Would you reproduce, word for word, only the lines running from the top of the data through the line containing "Farnam Vetrolin Shine", and none of the pictures?
========================================================================
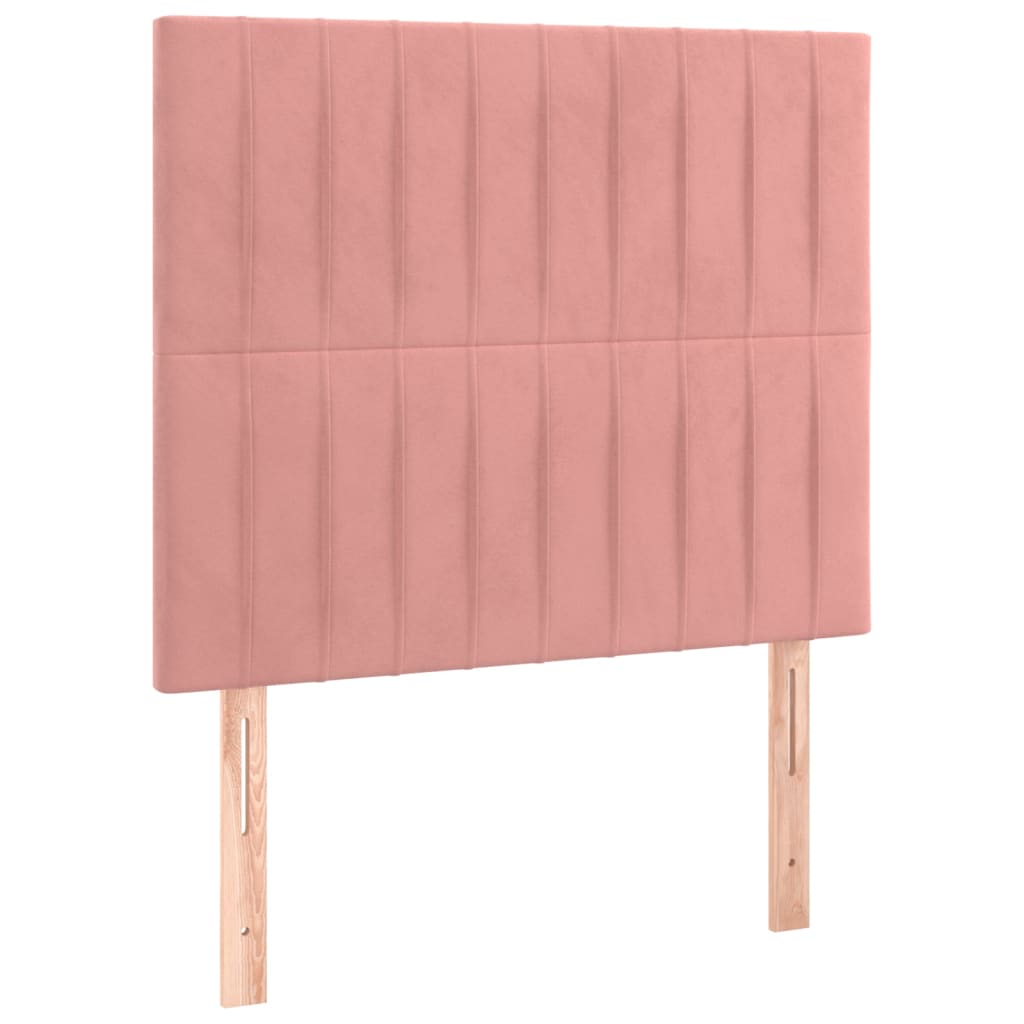 vidaXL Tăblii de pat, 2 buc, roz, 100x5x78/88 cm, catifea vidaXL Tăblii de pat, 2 buc, roz, 100x5x78/88 cm, catifea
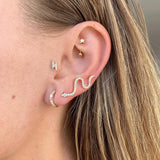 925 Silver Baby Snake Earring Climber Stud Piercing Jewelry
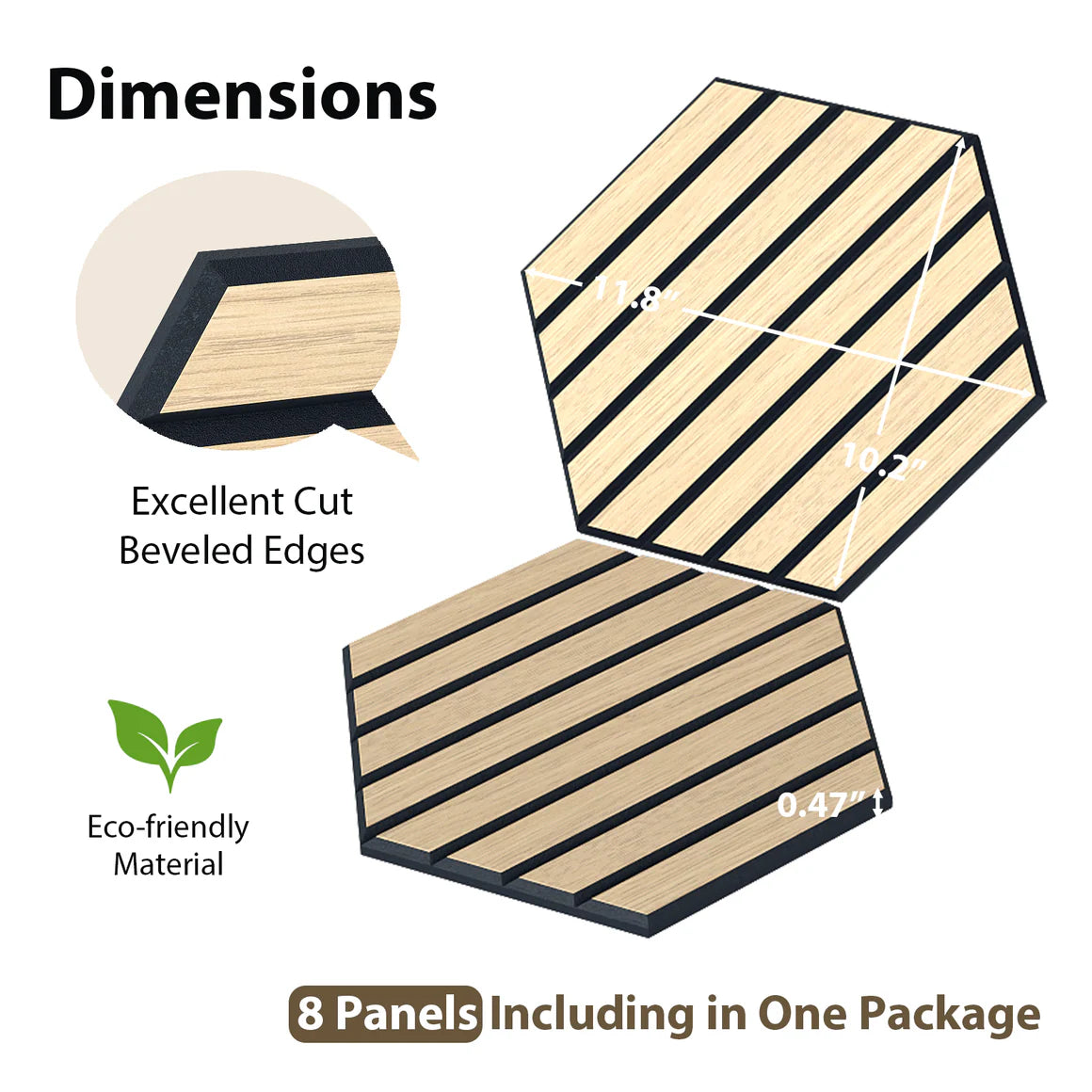 Courtyardmart Hexagon Decorative Acoustic Wall Panels – 8pcs Stylish Sound-Absorbing Wall Panels for Modern Home or Office Decor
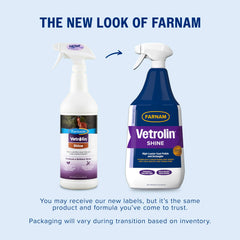 Farnam Vetrolin Shine facilita la aplicación en manto para desenredado y brillo.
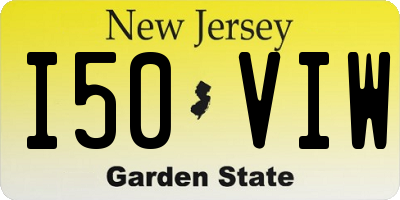 NJ license plate I50VIW
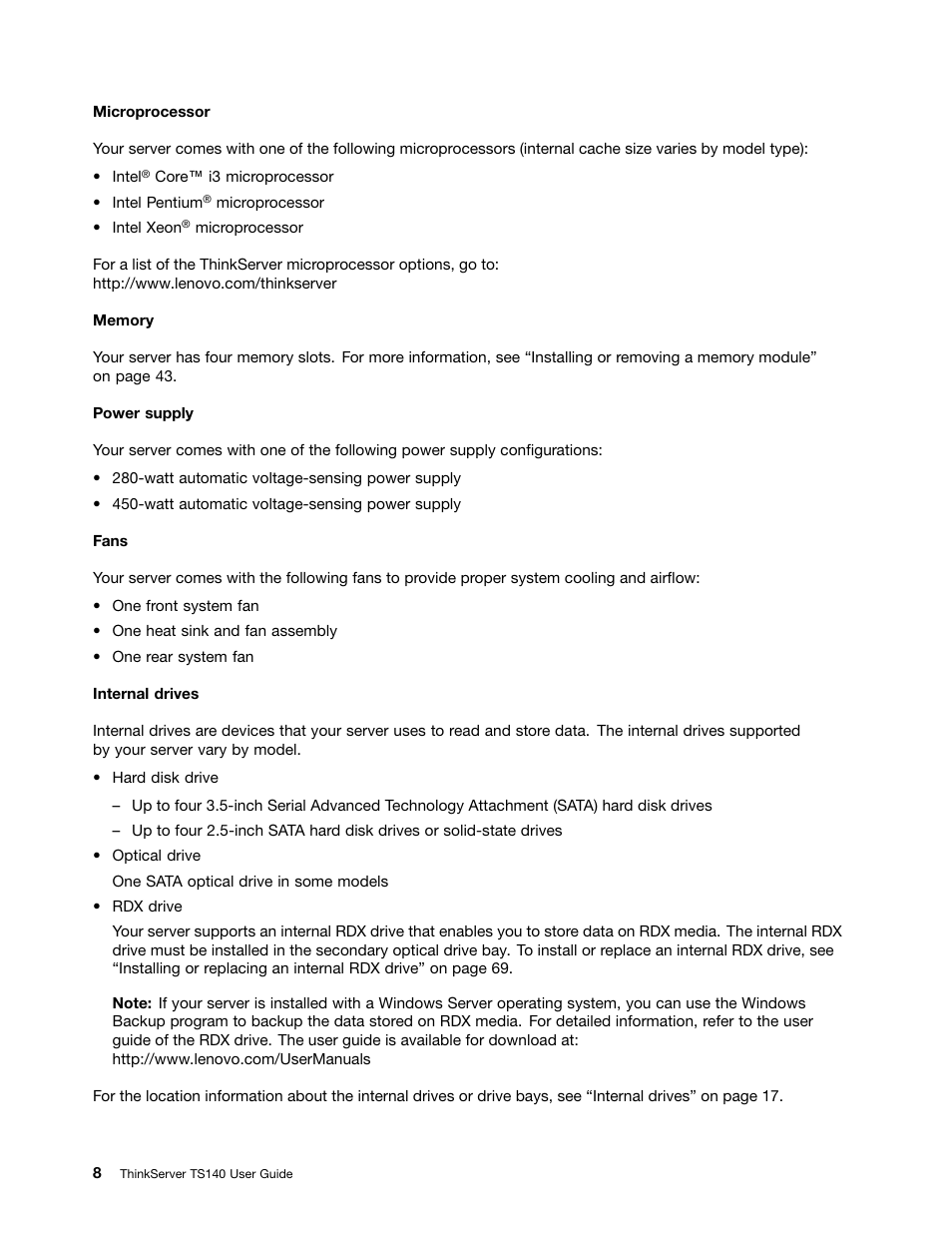 Lenovo ThinkServer TS140 User Manual | Page 20 / 124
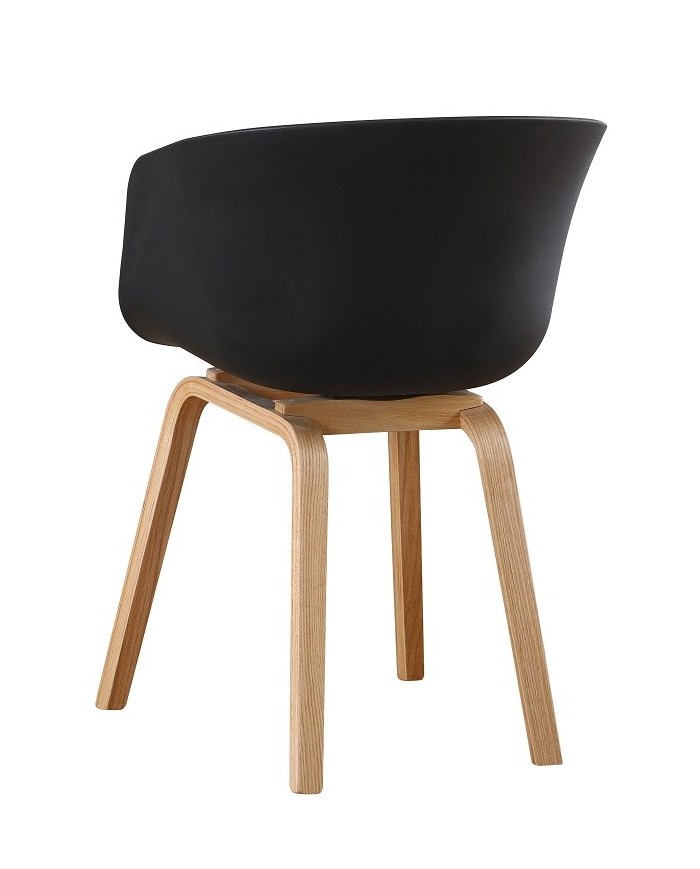 Sillón AWAK, madera curvada, polipropileno negro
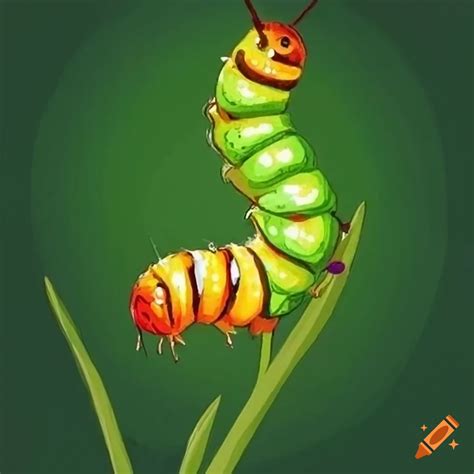 Color Pencil Drawing Of A Colorful Caterpillar On A Plant Stalk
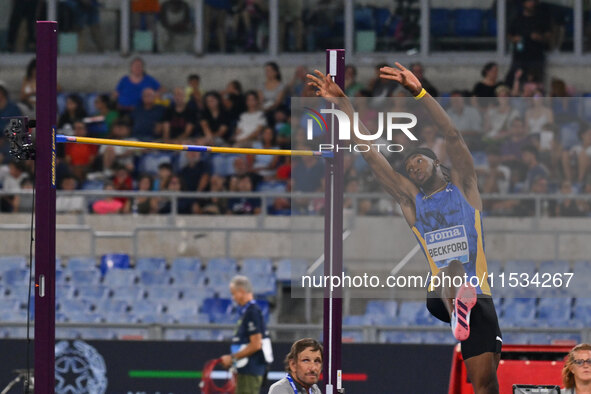 Romaine Beckford (JAM) competes in the Men's High Jump during the IAAF Wanda Diamond League: Golden Gala Pietro Mennea at Olympic Stadium in...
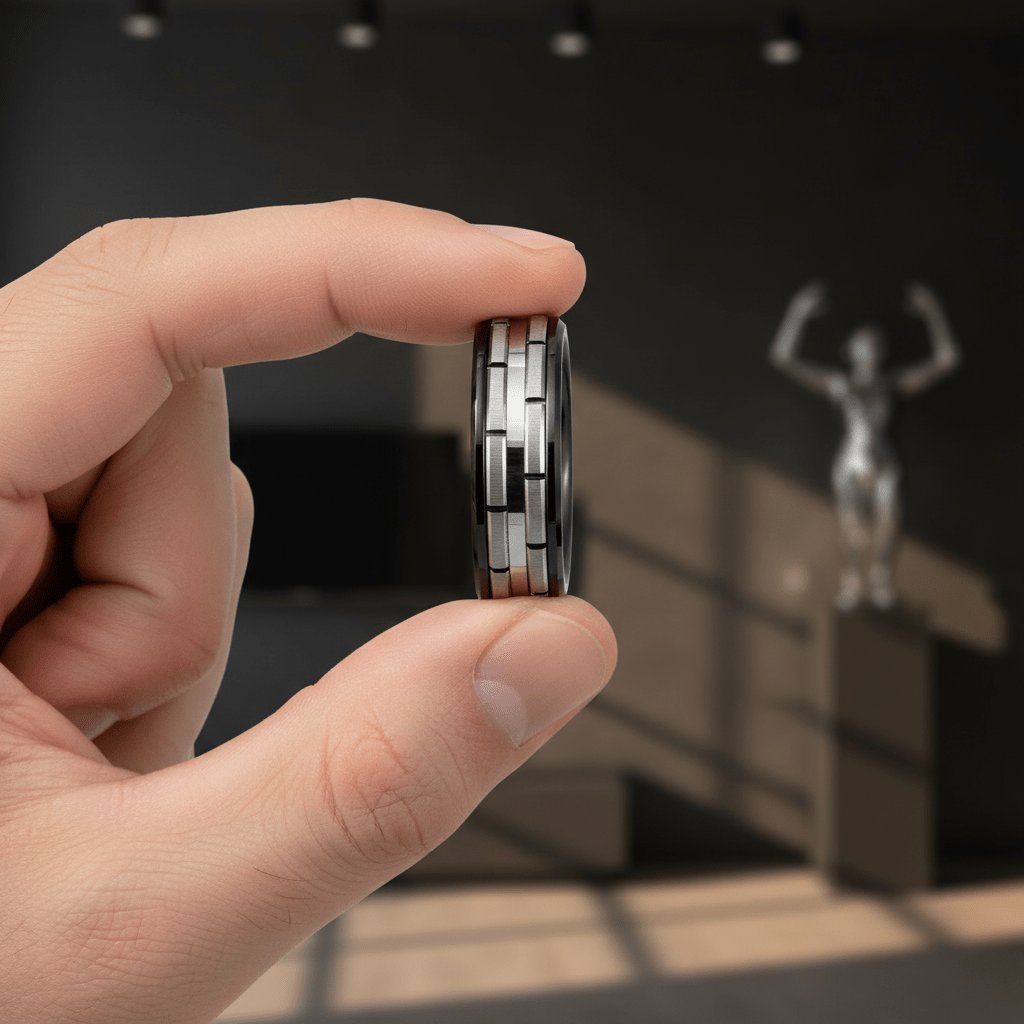 DUALITY — Held between fingers close-up — men's tungsten wedding ring.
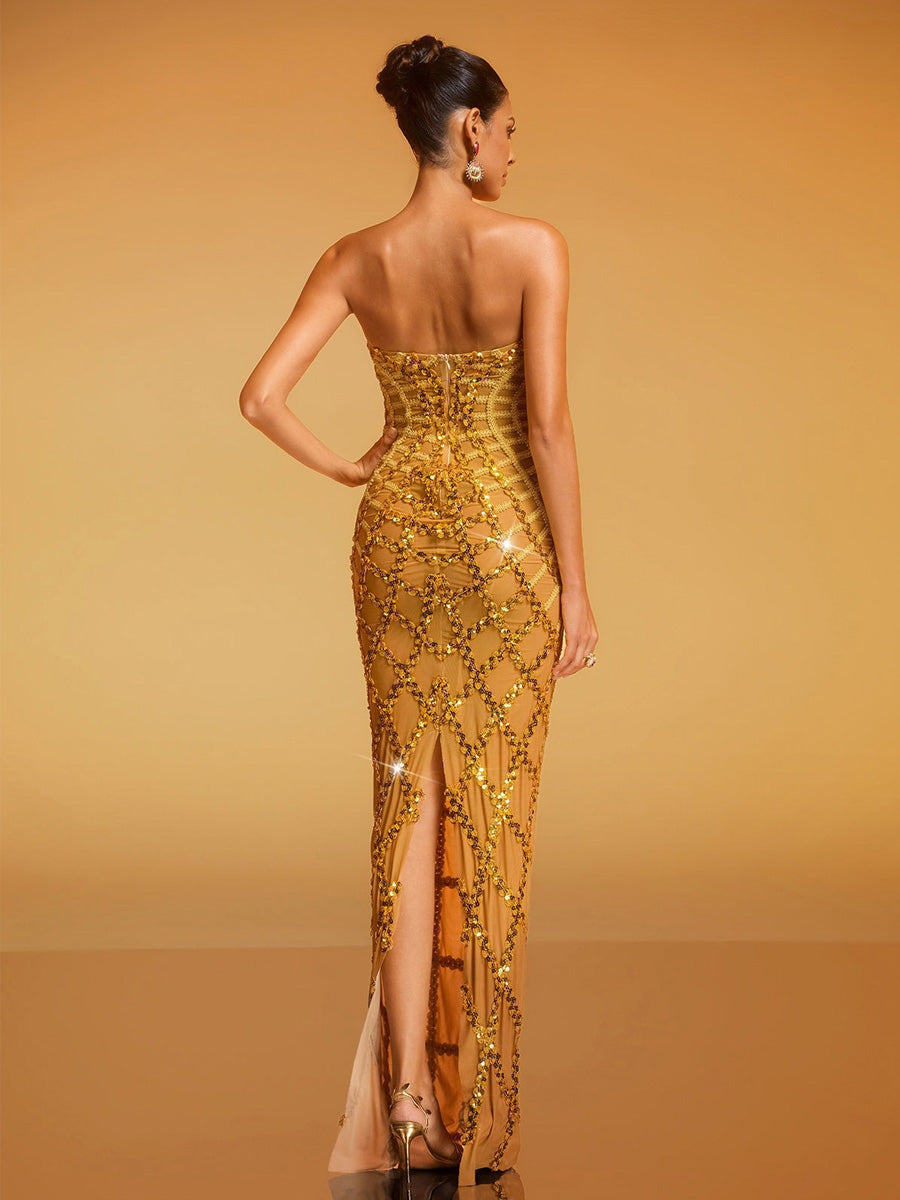 Lila Strapless Sequin Maxi Dress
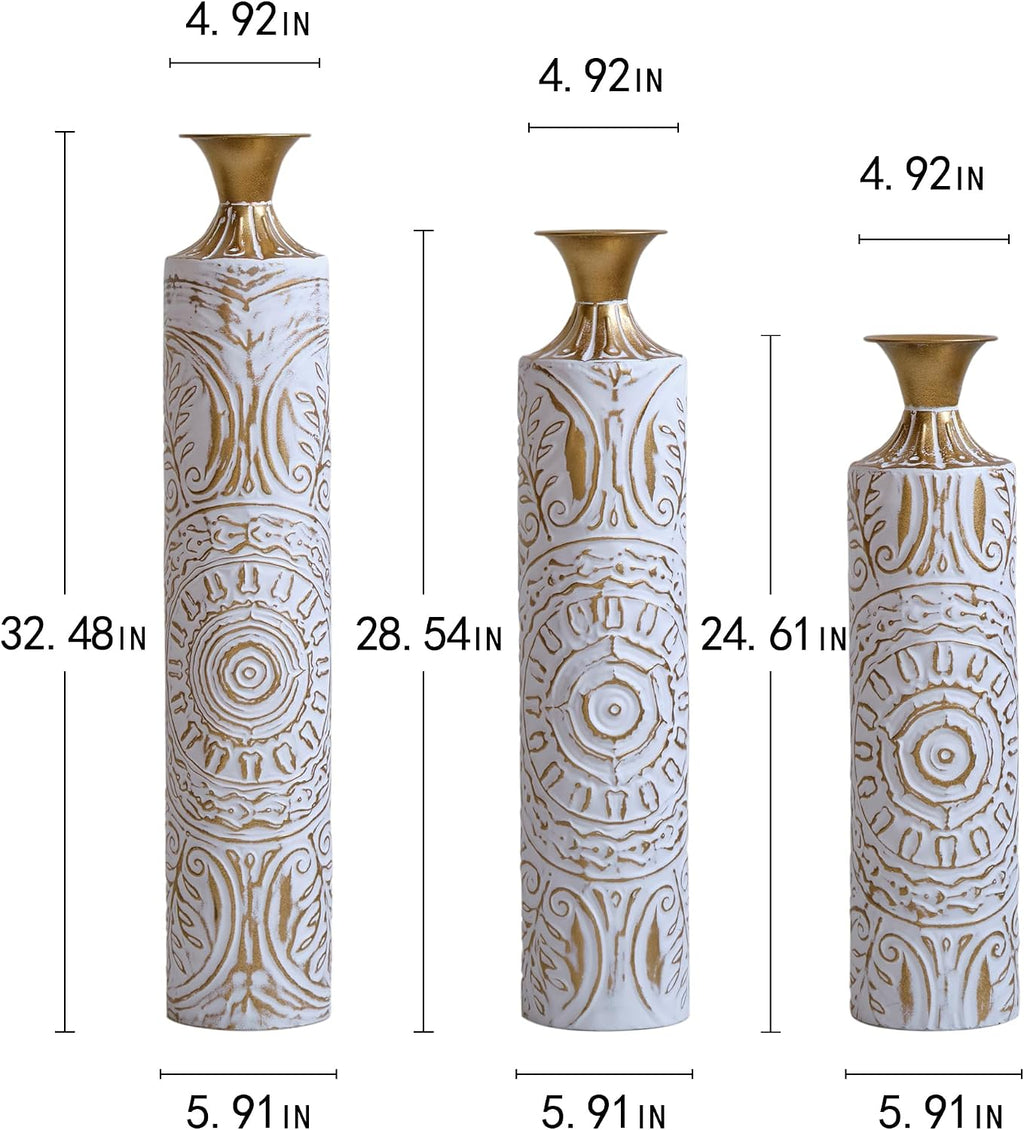Gorgeous Set of 3 White & Gold Metal Vases - Stylish Floor Decoration, 24in/28.7in/33.5in Tall for Elegant Home Décor!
========================================================================
**TASK RESPONSE**
 vidaXL Tăblii de pat, 2 buc, roz, 100x5x78/88 cm, catifea vidaXL Tăblii de pat, 2 buc, roz, 100x5x78/88 cm, catifea
 925 Silver Baby Snake Earring Climber Stud Piercing Jewelry
 Courtyardmart Hexagon Decorative Acoustic Wall Panels – 8pcs Stylish Sound-Absorbing Wall Panels for Modern Home or Office Decor
 Farnam Vetrolin Shine facilita la aplicación en manto para desenredado y brillo.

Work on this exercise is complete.